Shazam, you’re done. Let’s examine how this answers the requirements and use-cases.

  1. Find a note by name: ST’s fuzzy-search for file names is famously boss.
  2. Find a note by content: Ditto, ST’s search-function is famously sweet.
  3. Editing notes: By definition, it’s already your favorite text editor. Saving syncs it automatically to the cloud (dropbox).
  4. Access anywhere, anyhow: Dropbox.com, and you’re golden.
  5. Exportable: it’s just a folder of text files! Evernote, Dropbox, and Google[Docs] may come and go (not to mention other app solutions like SimpleNote, etc.), but text files will be here for a long time. Whenever you want you can copy the whole folder off to your Box.com folder, or your SugarSync magic briefcase, and edit the files with vim instead of Sublime. No lock-in, ever.
  6. Dropbox saves all your revision history.

As you can see, these cover the requirements perfectly. To me, this clearly outclasses using GoogleDocs or Evernote for any personal use. I’ve been riding this for about 4 months at time of writing, and it’s been a dream.
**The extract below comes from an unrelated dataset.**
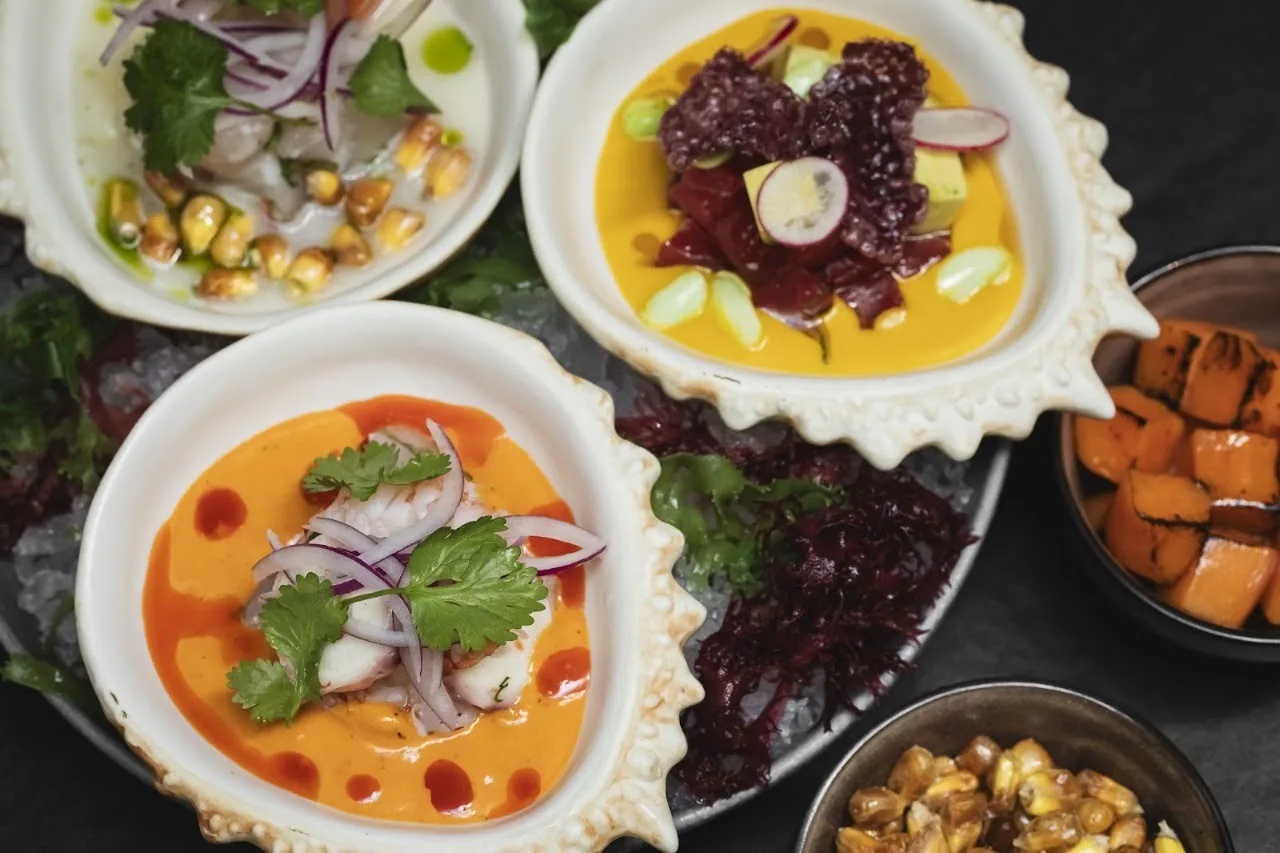 Three shells of ceviche and small bowls of side dishes on a dark tray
Anything I need to remember can easily be jotted down to the relevant note and retrieved at the speed of light (well, at the speed of Sublime Text, but it’s pretty damn close). Zero upkeep. Totally free. And I know that when I grow tired of Sublime (and/or switch computer, OS, polar meltdown, etc.) my notes will be there for me. This very post’s draft was written in my ‘blog’ note, where I keep a list of topics and first drafts of posts.

Basically this is has just been riding on the awesomeness of Sublime Text and Dropbox. You lose tiny things like clickable links and rich-text formatting, but those are for girls anyway.
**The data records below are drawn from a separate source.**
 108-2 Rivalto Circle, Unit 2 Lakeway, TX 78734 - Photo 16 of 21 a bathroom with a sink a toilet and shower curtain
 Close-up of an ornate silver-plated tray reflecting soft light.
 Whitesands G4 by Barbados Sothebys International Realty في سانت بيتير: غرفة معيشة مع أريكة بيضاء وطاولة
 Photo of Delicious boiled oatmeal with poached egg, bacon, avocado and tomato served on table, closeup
Extra points for using ST+Dropbox for notes::

  • Use a specific Sublime theme for your ‘notes’ folder, so you can easily tell the ‘notes’ Sublime instance from code instances. I use Solarized (Light) because I like the light/dark contrast with code’s Monokai.
  • Set a syntax highlighting that complements free-text notes. I use AppleScript for no reason at all.
  • Organize your files into folders, if you feel like it, but with Sublime’s great search capabilities – it doesn’t really matter. I’ve got 150+ notes by now on everything from Apple to ZenDesk and don’t need the folders.

So: never remember anything again. You’ve got your computer to remember, now that you’ve got your llama-whooping notes mechanism set to retrieve and update notes at whiplash speed.

Now, go forth and multiply. Or at least use efficient notes.